You can learn more about incorporating these elements into a stronger lease here.

Personal property

Unlike homeowners insurance, landlord insurance does not cover the loss of personal property. This means that if you, the landlord, leave any belongings in the rental unit that are stolen or damaged, they will not be covered.

The one exception to this is personal property that is used to maintain the rental property. For example, if you store a lawn mower at your rental property to maintain the lawn, it can be covered under landlord insurance.

Maintenance and equipment

Maintenance and equipment issues are typically excluded from landlord insurance coverage. This means that if something such as the oven were to break, you would be responsible for the cost of repairing or replacing the oven.

Intentional damage

Landlord insurance usually does not cover intentional damage.
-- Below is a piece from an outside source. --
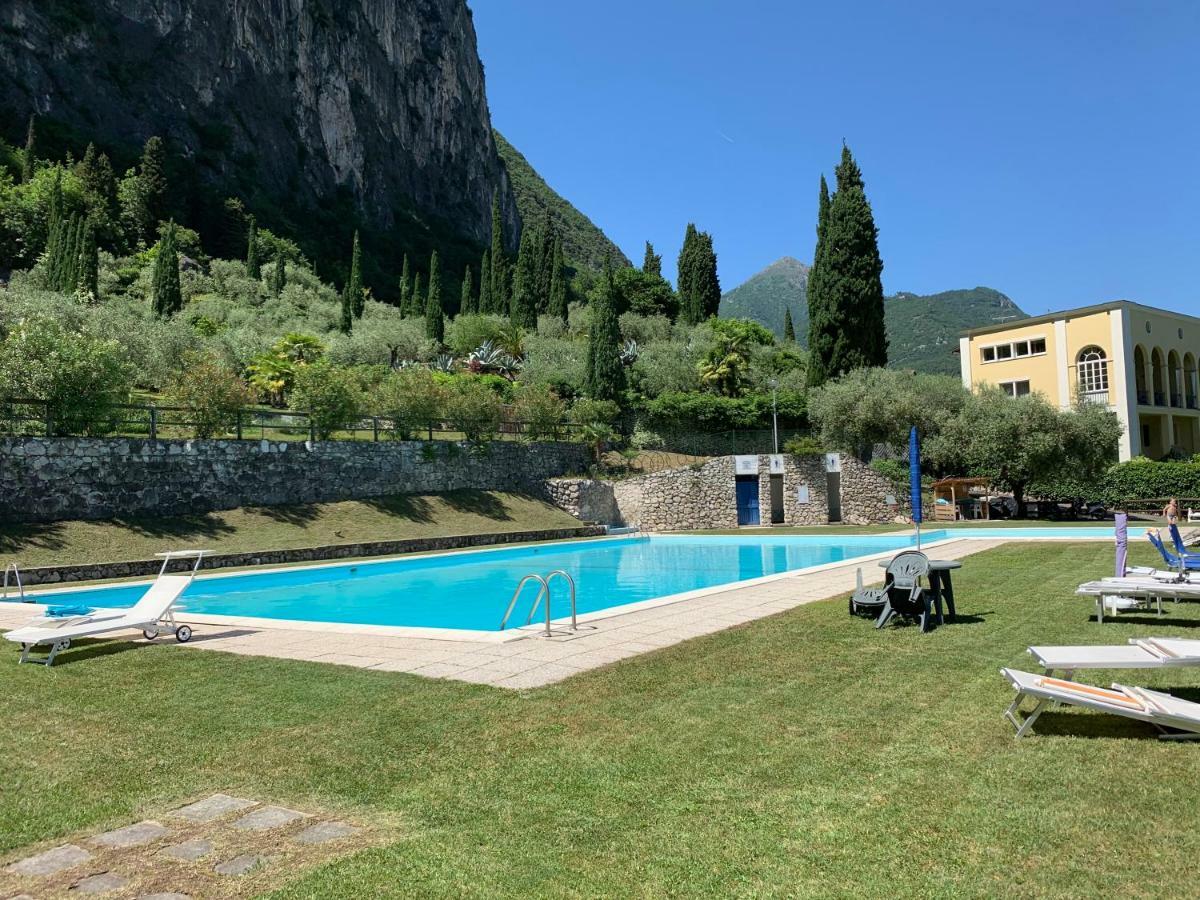 Ferienwohnung Sky&Pool Dom Riva del Garda Exterior foto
For example, if a current tenant vandalises your property, it may not be covered under your landlord insurance policy.

How much is landlord insurance?

Landlord insurance costs on average 20% to 25% more than homeowners insurance. The reason for this is due to the greater liability and risk taken on by the insurance company.

Although more expensive, your premiums can be tax-deductible. This is because being a landlord is considered to be a business venture and therefore insurance premiums are considered a business expense.

Similar to homeowners insurance, there is no fixed cost for landlord insurance. The costs of your insurance will vary based on several factors. Factors include:

  • The type of rental property (for example, a condo versus a single family home);
  • the structure, condition and size of the building;
  • location; and
  • the amount of coverage you decide to purchase.

It is recommended that you obtain quotes from multiple different providers, not only to ensure you have the right coverage and protection for your rental property, but also that you receive a competitive price.

Why landlord insurance is worth the expense

Ultimately, despite the higher price tag of landlord insurance, it is usually a good idea to purchase protection for your rental property. The property damage, liability, and loss of income coverage that landlord insurance offers provides peace of mind and protection for you, your property, and your income.